▶ [DATA RECORDS]
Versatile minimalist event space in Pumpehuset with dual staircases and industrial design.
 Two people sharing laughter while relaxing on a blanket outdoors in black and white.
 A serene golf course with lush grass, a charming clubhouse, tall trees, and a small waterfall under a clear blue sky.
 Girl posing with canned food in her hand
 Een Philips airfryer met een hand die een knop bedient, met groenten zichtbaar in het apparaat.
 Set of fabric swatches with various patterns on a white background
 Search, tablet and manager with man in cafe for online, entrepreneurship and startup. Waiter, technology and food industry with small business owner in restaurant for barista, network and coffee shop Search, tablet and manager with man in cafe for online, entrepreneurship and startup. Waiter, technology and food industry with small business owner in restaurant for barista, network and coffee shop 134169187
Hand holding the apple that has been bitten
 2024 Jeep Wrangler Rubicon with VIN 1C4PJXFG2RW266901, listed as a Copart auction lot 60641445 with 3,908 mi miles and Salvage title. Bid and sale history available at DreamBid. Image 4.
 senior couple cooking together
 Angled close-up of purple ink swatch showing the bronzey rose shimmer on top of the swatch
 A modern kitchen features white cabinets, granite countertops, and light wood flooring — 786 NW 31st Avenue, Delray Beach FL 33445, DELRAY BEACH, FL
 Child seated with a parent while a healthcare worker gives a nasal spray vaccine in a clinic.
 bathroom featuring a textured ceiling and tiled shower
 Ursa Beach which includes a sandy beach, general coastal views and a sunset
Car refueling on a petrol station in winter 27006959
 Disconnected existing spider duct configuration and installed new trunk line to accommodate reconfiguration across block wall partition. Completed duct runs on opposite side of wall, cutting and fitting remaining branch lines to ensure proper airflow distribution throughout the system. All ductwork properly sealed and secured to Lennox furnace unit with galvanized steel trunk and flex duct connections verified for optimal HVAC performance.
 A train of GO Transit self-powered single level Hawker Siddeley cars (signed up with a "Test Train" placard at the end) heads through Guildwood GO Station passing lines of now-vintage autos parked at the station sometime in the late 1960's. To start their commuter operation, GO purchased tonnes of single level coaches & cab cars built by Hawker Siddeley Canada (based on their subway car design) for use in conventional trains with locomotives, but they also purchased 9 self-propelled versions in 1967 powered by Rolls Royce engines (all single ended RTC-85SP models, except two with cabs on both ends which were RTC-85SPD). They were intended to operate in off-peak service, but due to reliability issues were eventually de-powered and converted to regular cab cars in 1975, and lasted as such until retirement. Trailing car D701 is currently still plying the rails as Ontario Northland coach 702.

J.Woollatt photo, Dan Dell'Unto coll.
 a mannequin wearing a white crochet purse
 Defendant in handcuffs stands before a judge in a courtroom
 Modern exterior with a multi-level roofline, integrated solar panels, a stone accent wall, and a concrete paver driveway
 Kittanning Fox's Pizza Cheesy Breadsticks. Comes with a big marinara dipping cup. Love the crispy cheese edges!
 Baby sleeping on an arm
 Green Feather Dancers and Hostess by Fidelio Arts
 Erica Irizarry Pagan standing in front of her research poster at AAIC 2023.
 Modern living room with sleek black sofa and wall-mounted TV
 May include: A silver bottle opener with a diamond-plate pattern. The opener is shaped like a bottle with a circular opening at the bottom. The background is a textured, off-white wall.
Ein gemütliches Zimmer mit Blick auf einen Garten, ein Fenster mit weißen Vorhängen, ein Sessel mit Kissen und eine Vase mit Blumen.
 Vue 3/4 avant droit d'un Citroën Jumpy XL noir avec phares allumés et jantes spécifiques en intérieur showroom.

▶ [REQUIRED WORK] Repeat the material exactly. Begin with its first line and end with the line that has "Two people sharing".

▶ [SOLUTION TO THIS TASK]
Versatile minimalist event space in Pumpehuset with dual staircases and industrial design.
 Two people sharing laughter while relaxing on a blanket outdoors in black and white.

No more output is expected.